(WSYR-TV) — The Rosamond Gifford Zoo unveiled its newest exhibit on Friday … moon jellyfish!
50 moon jellyfish join the Syracuse Zoo family thanks to funding by the Friends of Rosamond Gifford Zoo.
The Friends of the Zoo raised $20,000 to get two 100-gallon tanks, each has 25 jellyfish.
“Not only are jellyfish an iconic and popular species, but they also are indicators of the health of our oceans, so they give us added opportunities to talk about things like climate change and plastics pollution,” said zoo director Ted Fox.
The new exhibit is located in the USS Antiquities hall.
- Species: Aurelia aurita
- Habitat: Found in oceans around the world; they prefer a warm environment.

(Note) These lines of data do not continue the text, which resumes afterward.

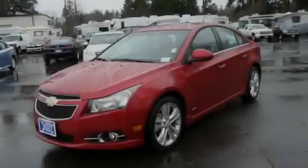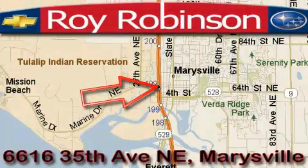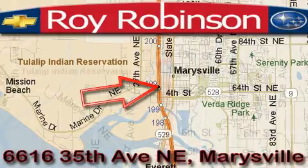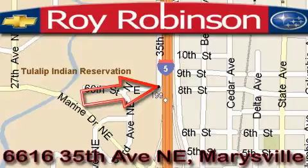Stop by today and test drive this vehicle for yourself. Loy Robinson Chevrolet Subaru is located at 6616 35th Avenue in Marysville. Our main objective is to make your experience at our dealership a satisfying one, whether it's for sales, service, or parts.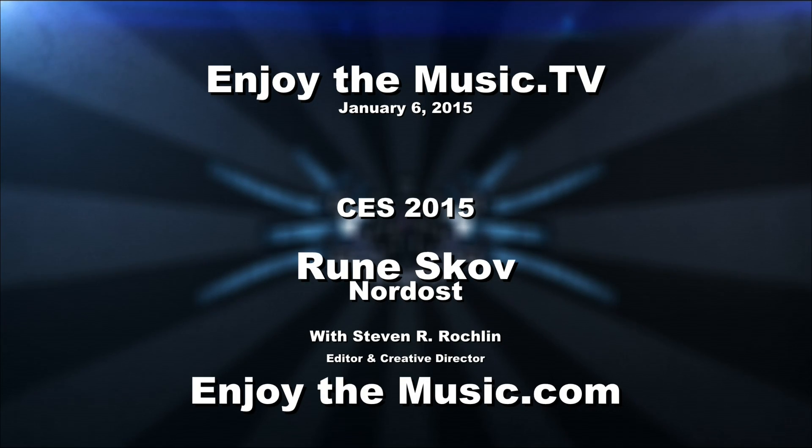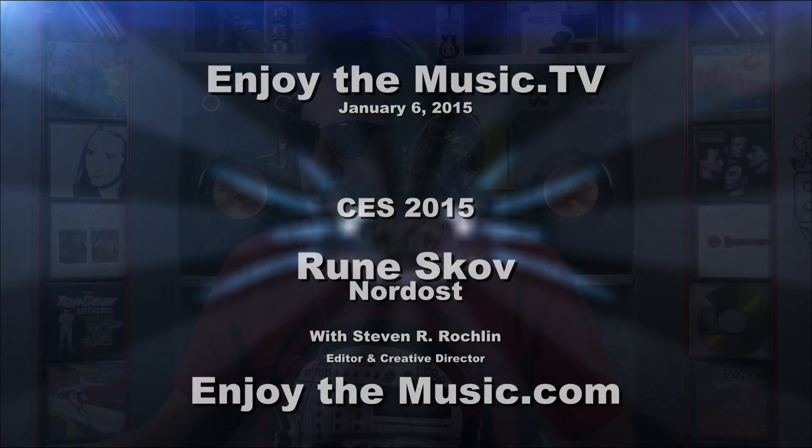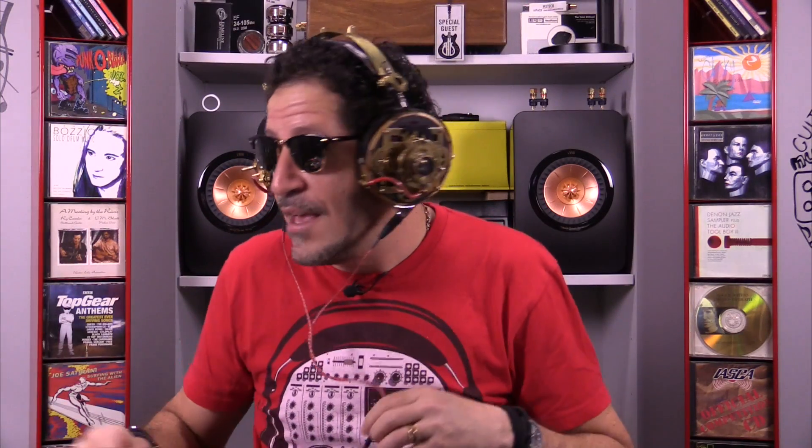Welcome to enjoythemusic.tv and enjoythemusic.com. My name is Stephen R. Rocklin, and we're here with the amazing, incredible Rune of Nordost Cables. If you're wondering why I'm wearing the Steampunk Audisle CD3s, it's because I reviewed these incredible cables in this month's enjoythemusic.com.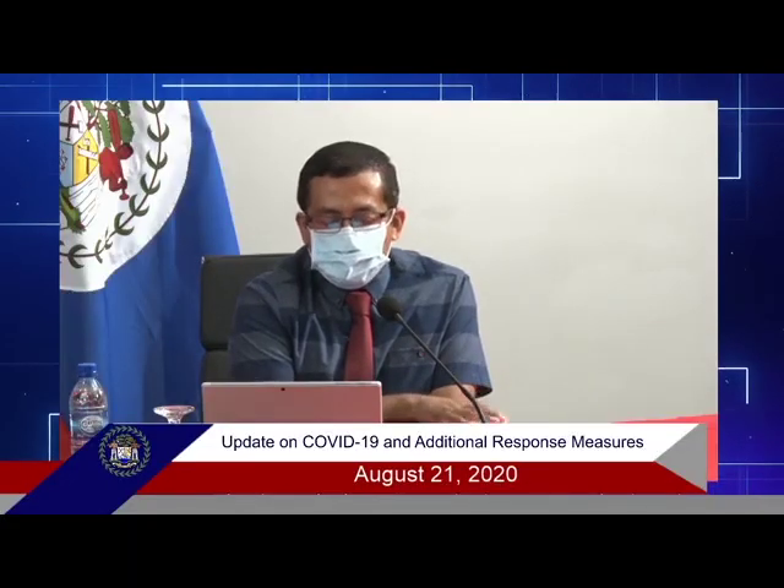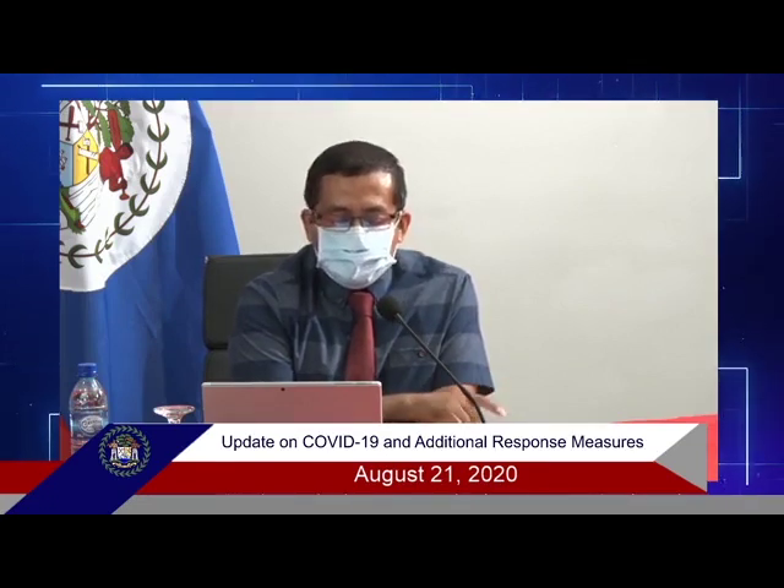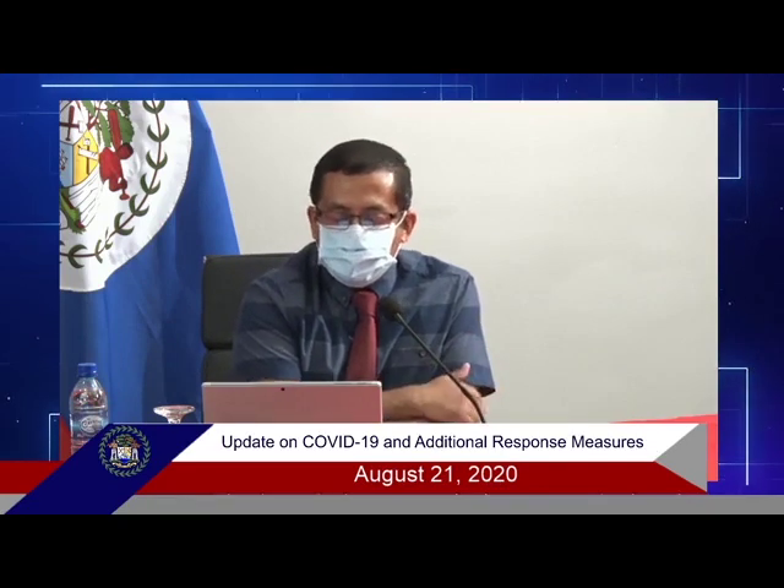Once you get a positive result, that's classified as a positive case, and that information is fed to the relevant entities. But once it's negative, you have to go and get a PCR process going on, and that's usually run the following day.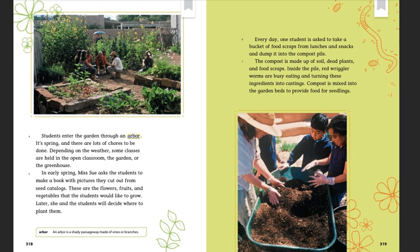Every day, one student is asked to take a bucket of food scraps from lunches and snacks and dump it into the compost pile. The compost is made up of soil, dead plants, and food scraps. Inside the pile, red worms are busy eating and turning these ingredients into castings. Compost is mixed into the garden beds to provide food for seedlings.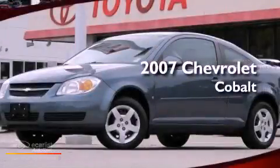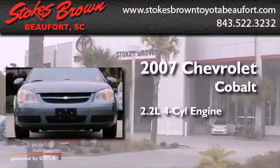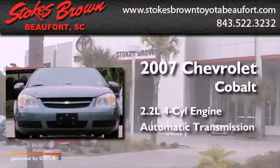This is a 2007 Chevrolet Cobalt. It features a 2.2-liter four-cylinder engine and an automatic transmission.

- Diet: Zooplankton that they capture with their tentacles. Size: They grow to 10-16 inches in diameter
- Lifespan: Up to one year
- Reproduction: Male and female jellyfish release egg and sperm into the water, where they form polyps that produce buds which become baby jellies
- Jellyfish have no brain, heart or blood – but they do have a sort of nervous system.
- Jellyfish are famous for the stinging cells on their tentacles, which they use to stun prey — but moon jellies are the least dangerous jellyfish to humans.
- They use a kind of propulsion to move through the water by pulsing muscles in their bodies.
- They are the oldest multi-organ animal, predating dinosaurs.
- Moon jellies have been studied widely and even went into space aboard the space shuttle Challenger in 1991.
- Recent research indicates that a protein in jellyfish may help heal wounds in human skin.